Thus spake Pseudo_Intellectual:
What were the crows doing? Wriggling, shimmying through the grass on their bellies with wings unfurled. We know crows engage in play behavior, but this looked like nothing so much as pathetic attempts at recovery after having their wings dislocated by some thuggish onlooker. Still, they hopped up and flew away neatly enough as I approached to investigate the matter. Were these just goofy birds or was there a substance on the ground they were rolling in, a kind of crow-nip? Ants, there are ants on my shoes! Stepping back a bit and shaking my feet I observe that the area of almost highest ant activity correlates almost exactly to the mysteriously favoured spot of the crows.
Some bird species, infected with parasitical lice, will squat or roll around on the ground near an ant nest, to allow ants to crawl into their plumage. Only formic acid-producing formicine ants are used, as apparently formic acid kills bird lice (This is also proposed as the reason why there are no parasitical lice on mammalian species that eat ants, such as the aptly-named ant-eater). Over 200 bird species perform this behavior and while they are not entirely freed of lice afterwards, the lice population on the bird does decrease.

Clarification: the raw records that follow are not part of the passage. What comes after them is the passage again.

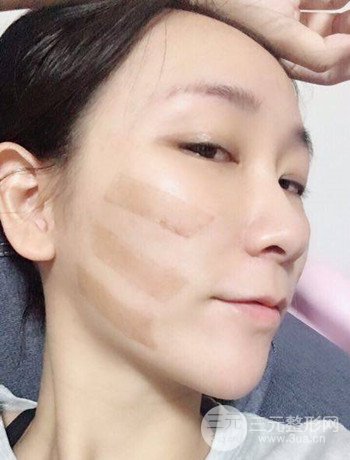 面部埋埋蛋白線.提升改良皮膚松弛，立現(xiàn)小V臉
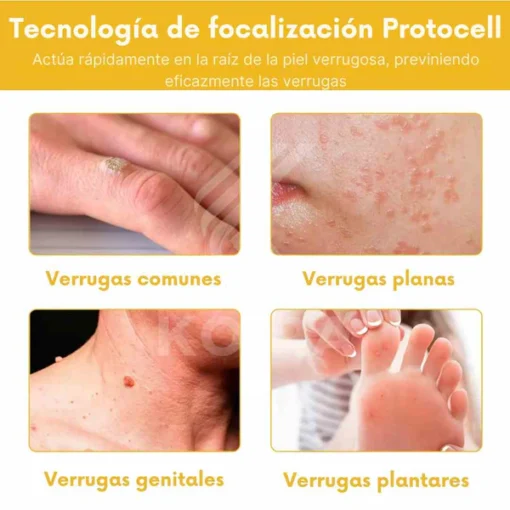 Bee Venom BSWELL™ - Bee Venom Skin Treatment Cream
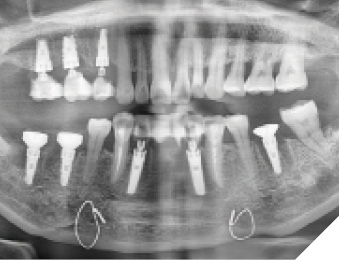 . The osteotomies and any necessary sinus lifts were accomplished using the Onedrill™system, the selected implants sizes were chosen to maximize the step-locking capabilities to maximize primary stability.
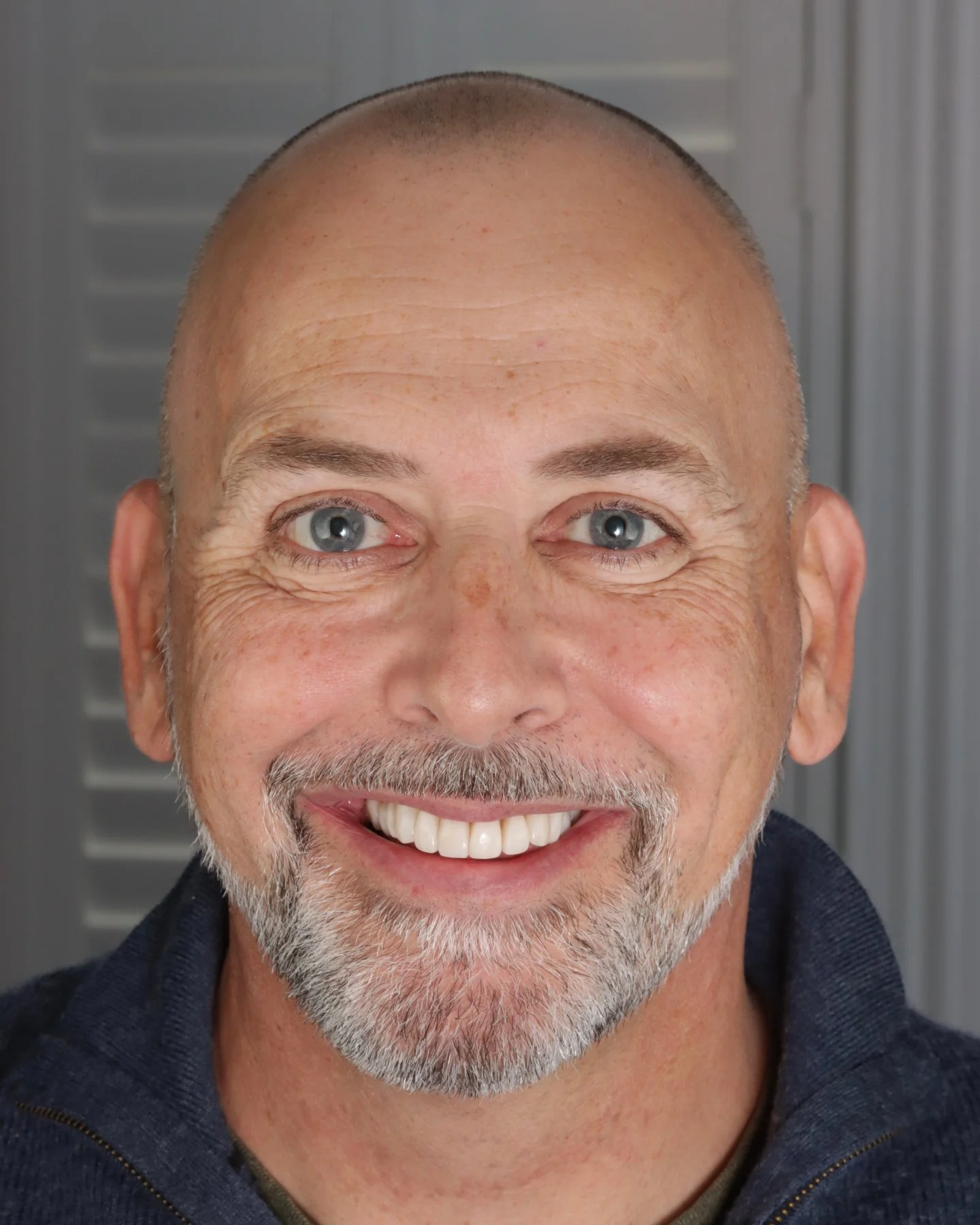 Whitening &amp; Composite Veneers ✨🦷

Dr Katy Sharpe transforming smiles

#dentalsmilesessex #dentalsmiles #whitening #composite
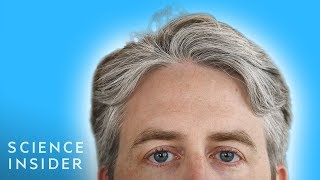 Why Some Peoples Hair Turns Gray [upl. by Seif]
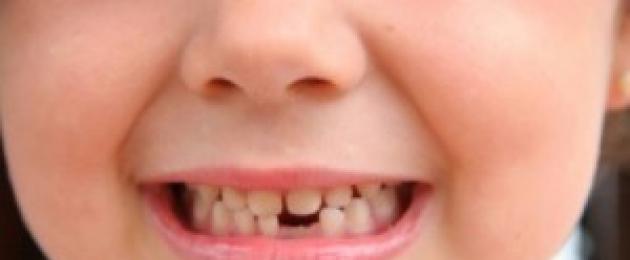 Приметы про зубы у взрослых. Приметы об отколовшемся зубе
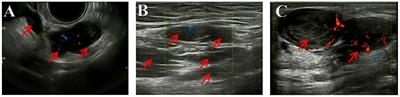 Concurrent Benign Metastasizing Leiomyoma in the Abdominal Wall and Pelvic Cavity: A Case Report and Review of the Literature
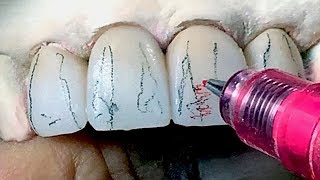 Tooth Morphology Design Techniques for Dental Lab Technicians [upl. by Allerie]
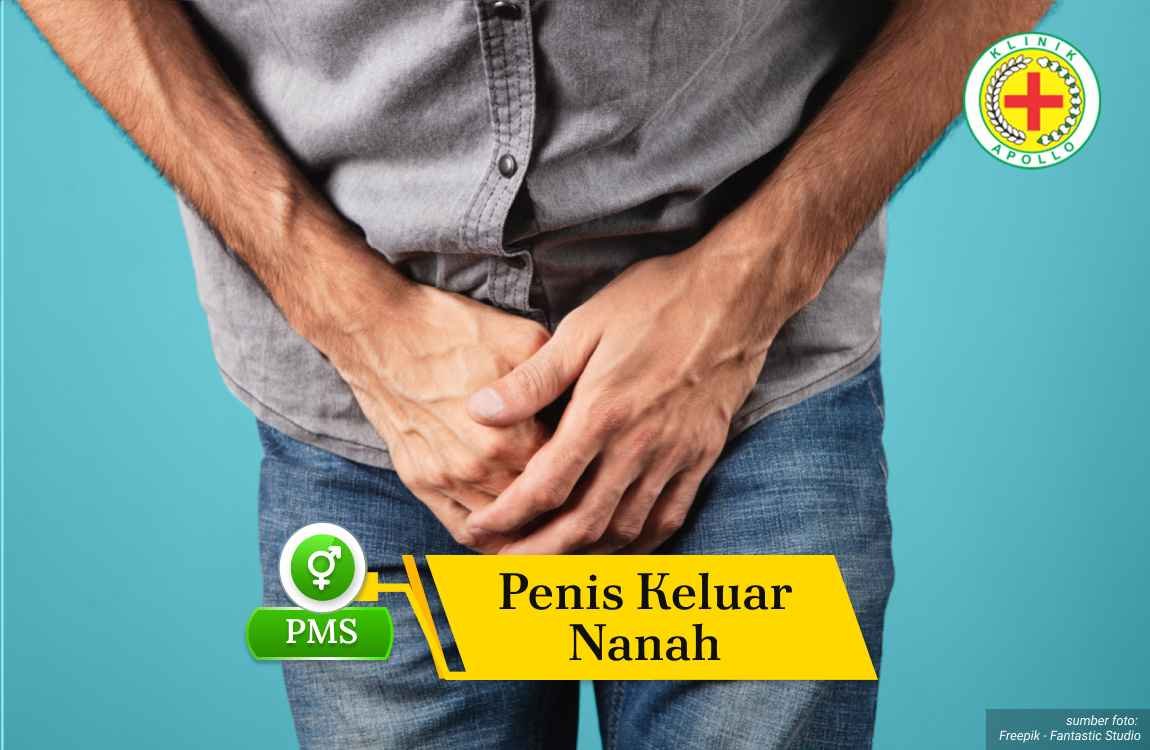 Ilustrasi Penis Keluar Nanah.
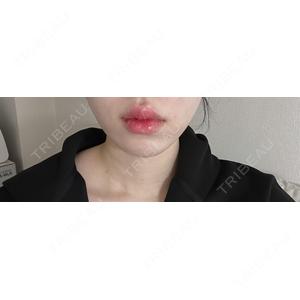 ルラ美容クリニック ルラ美容クリニック 大宮院 / ルラスキンクリニック 大宮院口コミ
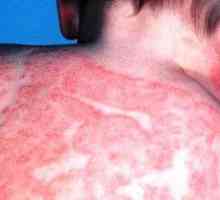 Príčiny, symptómy a liečba atopickej dermatitídy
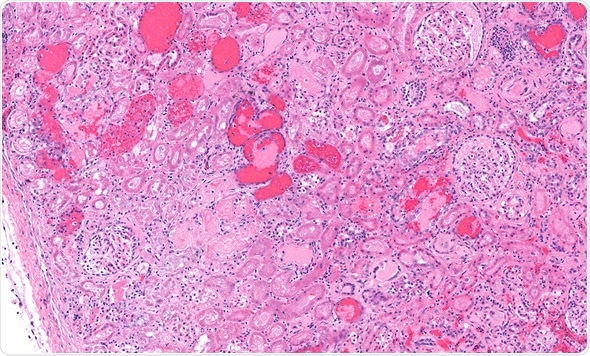 Kidney from a case of hemolytic uremic syndrome due to E. Coli. Nephritis due to E Coli. Hemolytic uremia. Image Copyright: vetpathologist / Shutterstock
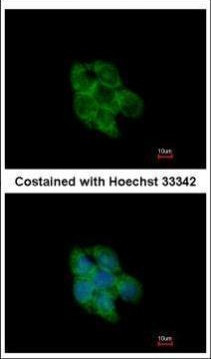 TXNL2 Antibody in Immunocytochemistry (ICC/IF)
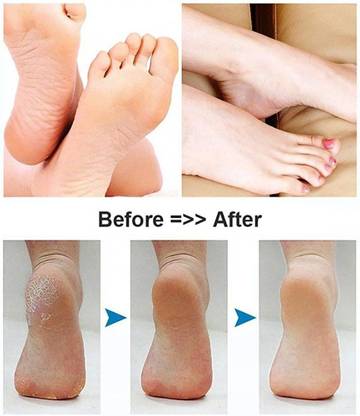 Callus Pedicure Machine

After repetitions of this spectacle (never before observed, then a dozen times in a couple of days), our eventual hypothesis: the crows were intentionally seeking to introduce ants onto their bodies, insinuating them between feathers to eat or otherwise take care of parasites living on the crows. Shit, I knew them crows was smart birds, but if I was a crow I would be spending so much time in the air and trees that I wouldn't ever have even seen an ant, let alone been aware of their theraputic capacities.